In order for each thread to take advantage of CPU time on average, Python calculates the current number of micro-codes (that is, opcode) that have been executed, forcing the Gil to be released after a certain threshold is reached.
At this point, the operating system's thread scheduling is also triggered (although it is true that the context switch is self-determined by the operating system).   while True:    acquire GIL    for I in the:        do   Something    release GIL    /**

The CFS mentioned above is the Linux process scheduling algorithm, see: http://www.cnblogs.com/charlesblc/p/6135887.html

This mode has no problem in the case of only one CPU core. Any thread that is aroused can successfully get to the Gil (because only the Gil is freed to cause thread scheduling). But when the CPU has multiple cores, the problem comes. From the pseudocode you can see that release GIL acquire GIL there is almost no gap between the lines. So when other threads on other cores are awakened , most of the time the main thread has acquired the Gil again. The thread that was awakened at this time can only waste CPU time in vain, watching another thread carry the Gil happily. Then reach the switching time after entering the state to be scheduled, and then be awakened, and then wait, in order to this cycle of cyclic.

PS: Of course this implementation is primitive and ugly, and each version of Python is gradually improving the interaction between Gil and thread scheduling.
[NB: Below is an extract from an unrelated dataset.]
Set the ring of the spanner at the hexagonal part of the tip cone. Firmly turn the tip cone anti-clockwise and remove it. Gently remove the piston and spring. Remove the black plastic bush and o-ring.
For example, try to hold the Gil and then do a thread context switch, releasing the Gil while waiting on Io. But what cannot be changed is that the existence of the Gil makes the expensive operation of operating system thread scheduling more extravagant.

Extended reading on the Gil influence

To intuitively understand the performance impact of the Gil for multithreading, a test result diagram is directly borrowed here (see). The figure shows the execution of two threads on a dual-core CPU. Two threads are CPU-intensive operations threads. The green section indicates that the thread is running, and in performing a useful calculation, the red part is the thread that is scheduled to wake up, but cannot get the time that the Gil has caused a valid operation to wait.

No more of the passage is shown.